Go Ahead, Make My Day! Rob’s tips on leadership

Go Ahead, Make My Day! Rob’s tips on leadership

Want to be like Clint Eastwood, able to glare an employee into submission?

The Business Leader’s Dilemma
You hired what you thought are great people. Yet when they start working, you find that the results you wanted are not materializing. What is your next step? Fire them? Send them to a course? Wait till they figure it out?

Rob McGregor, Spirit West’s leadership coach says “Often it is not the person you hired that is the problem. It is that they have not received clear expectations nor had the opportunity to fully discuss what is needed. Or perhaps they did ask some questions but didn’t gain anymore clarity than before.”

What we notice with leaders is that they often think they have said what they want and in fact they have. But it was said once, it wasn’t a two-way discussion and what was said lacked the context of the bigger picture.

For instance, Rob notes that one client wanted his managers to organize their department so that they didn’t need as many people to do the work. Two months later, no changes were in evidence. The leader was frustrated and wanted to blame the managers for not following through.

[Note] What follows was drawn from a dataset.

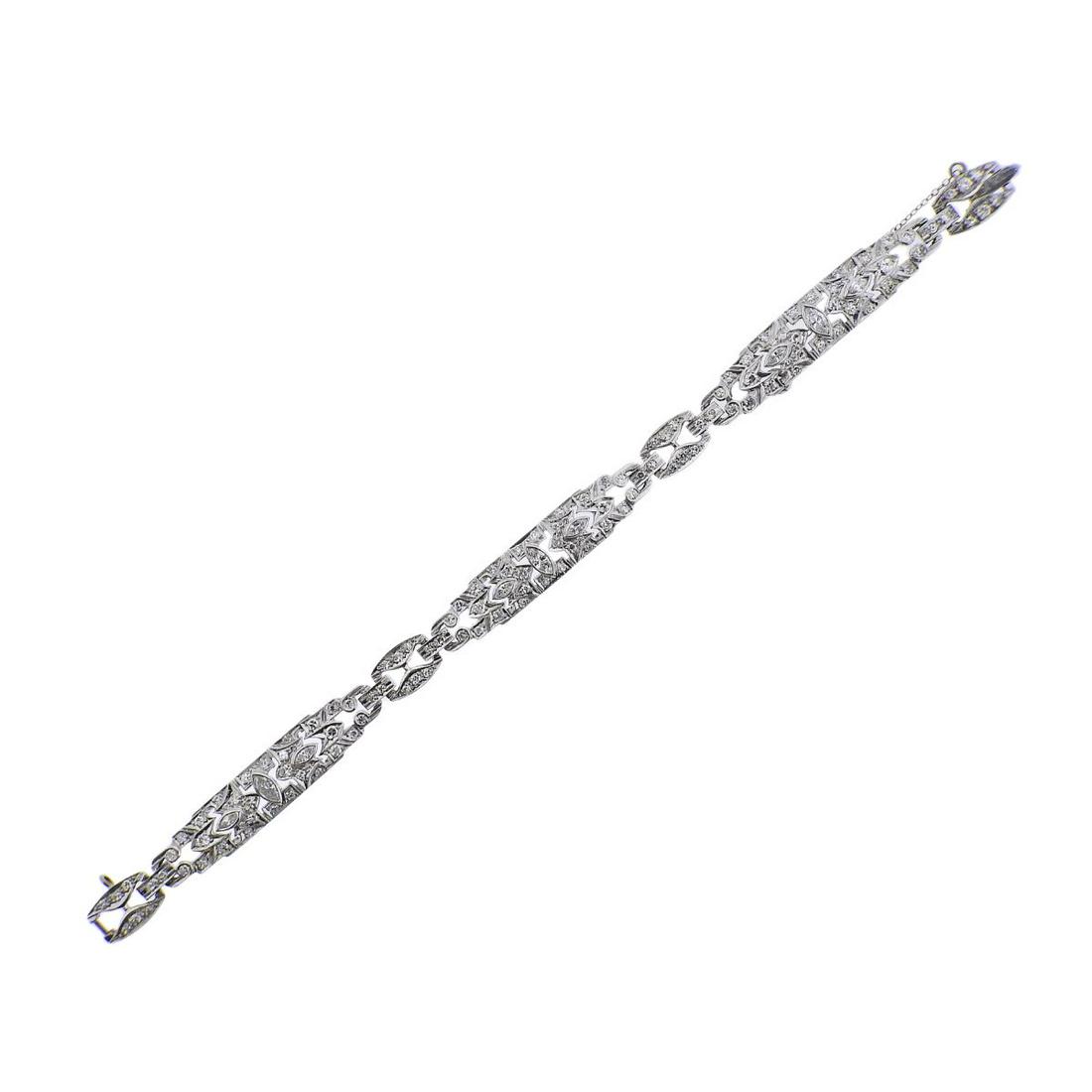 Midcentury Platinum Diamond Bracelet (1 of 3)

Standing back from the situation, the following patterns are evident. Do you see yourself in this story:

  1. The manager didn’t know what problem the reorganization would solve and how she would be able to do any better or differently without the additional staff member.
  2. The leader did not explain his expectations and did not invite discussion as to how to achieve the result, what was important about it or how to go about making the change.
  3. The leader waited and speculated about why nothing was being done rather than checking in regularly.
  4. The manager fretted about losing a valuable employee.
  5. The manager did not have experience reorganizing processes in her department. She was great at her technical skill not at process re-engineering.
  6. The manager did not ask the right questions to get a full picture, did not assess what help she might need and did not ask for help in putting a plan together.

Hence, nothing happened. Who is responsible? Who is to blame?

McGregor helps business owners and CEOs deal with untangling these confusing situations. He says “The leader and the follower are both responsible for their lack of communication. Blame shuts down conversations so using it in the aftermath of missed expectations will not uncover the problem nor lead to a solution.”

The answer is no one is to blame. But both parties should be held accountable for working together on setting each other up for success.

And what would Clint do in the same situation? Stare himself in the eye and say “what are you going to do about it?”